KSAH-FM

Pearsall, Texas; United States;
- Broadcast area: San Antonio metropolitan area
- Frequency: 104.1 MHz
- Branding: Norteño 104.1 y 720AM

Programming
- Language: Spanish
- Format: Classic regional Mexican and norteño music

Ownership
- Owner: Connoisseur Media; (Alpha Media Licensee, LLC);
- Sister stations: KJXK; KLEY-FM; KSAH; KTFM; KTSA; KZDC;

History
- First air date: 2002
- Former call signs: KMMG (1998–2002); KMFR (2002–2004); KRIO-FM (2004–2011);

Technical information
- Licensing authority: FCC
- Facility ID: 83596
- Class: C1
- ERP: 100,000 watts
- HAAT: 299 meters (981 ft)
- Transmitter coordinates: 28°43′16.9″N 98°45′44.1″W﻿ / ﻿28.721361°N 98.762250°W
- Repeaters: 720 KSAH (Universal City); 104.1 KSAH-FM1 (Charlotte);

Links
- Public license information: Public file; LMS;
- Webcast: Listen live
- Website: www.nortenosa.com

= KSAH-FM =

Radio station in Pearsall, Texas

KSAH-FM (104.1 MHz) is a commercial radio station, licensed to Pearsall, Texas, and serving the San Antonio metropolitan area. KSAH-FM and sister station KSAH (720 AM) simulcast a classic regional Mexican radio format, specializing in norteño music. The station is owned by Connoisseur Media with the license held by Alpha Media Licensee, LLC. The studios and offices are located on Eisenhauer Road in Northeast San Antonio.

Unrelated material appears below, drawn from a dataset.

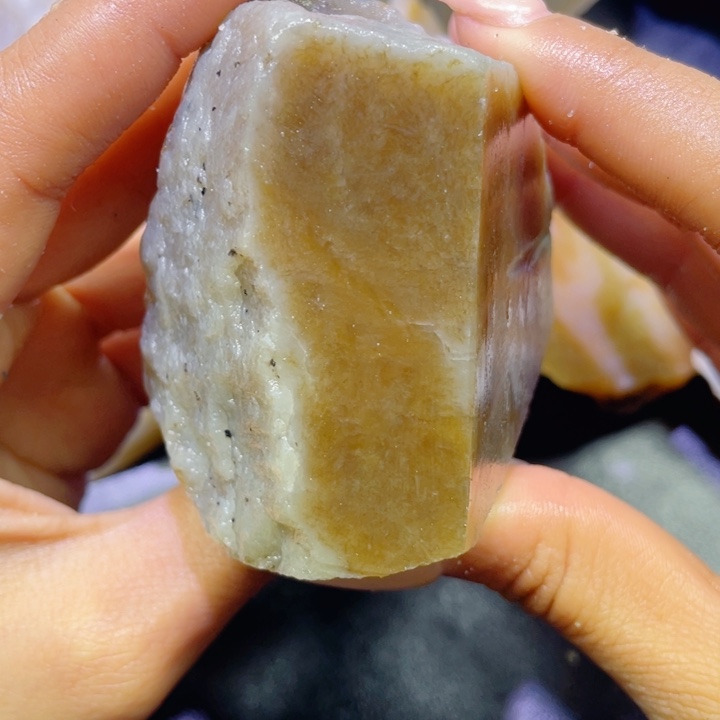 和田玉未镶嵌珠宝半成品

KSAH-FM has an effective radiated power (ERP) of 100,000 watts, the current maximum for FM stations. The transmitter is off Texas State Highway 97 in Hindes, Texas, about 40 miles south of San Antonio. Programming is also heard on 20,000 watt booster station KSAH-FM1 in Charlotte, Texas. Like KSAH-FM, it broadcasts on 104.1 MHz.

==History==
The station was assigned the call sign KKMG on September 17, 2001. On September 11, 2002, shortly after signing on, the call letters switched to KMFR; on April 12, 2004, it became KRIO-FM.

Beginning in 2010, KRIO-FM began simulcasting with KSAH (720 AM). On February 10, 2011, the station changed its call sign to the current KSAH-FM. Beginning in 2012 and continuing for six years, the simulcast was discontinued when KSAH AM switched to a Spanish-language sports radio format, using ESPN Deportes Radio. When that network was discontinued in 2018, the two stations resumed their simulcast.